This article was written in 2014. It might or it might not be outdated. And it could be that the layout breaks. If that’s the case please let me know.

Freedom

The people of Creative Mornings in Utrecht asked me to do a small talk about Freedom1 (video here). It’s always nice to get a topic for a talk, especially such a light hearted one. At least, if you look at freedom as a beautiful thing. But there are many definitions of freedom, and I think that I should mention one in particular before I start talking about the wonderful kinds of freedom the web has brought us.

“We decide and we order”

I have to start with the freedom we, here in the West, take for granted.

A photo of Ai Weiwei

Photo © Gao Yuan 高远, 2009

When I think about creative freedom I have to think about Ai Weiwei, an artist who goes in and out of jail because the government of the country he lives in doesn’t like the things he makes and the things he does. Just try to imagine what that means. I get scared when I do.
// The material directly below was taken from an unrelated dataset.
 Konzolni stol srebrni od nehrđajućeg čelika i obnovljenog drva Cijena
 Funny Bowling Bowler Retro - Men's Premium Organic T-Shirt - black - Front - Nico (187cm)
A drawing of Bassel Khartabil

Free Bassel

Or I think about Bassel Khartabil who’s been imprisoned in Syria for over two years now, without a trial, without an accusation. He was involved in creating open source software which enabled people to easily share stuff. Share ideas. Create things. He is in prison now. Thinking about this completely arbitrary punishment makes me desperate.

An image of the face of evil

Or think of the six young, happy kids in Tehran who were forced to apologise for being happy on state TV. Their crime was dancing on the streets, like all kids around the world should be doing. Imagine growing up in a community where you’re not allowed to act normal. It terrifies me.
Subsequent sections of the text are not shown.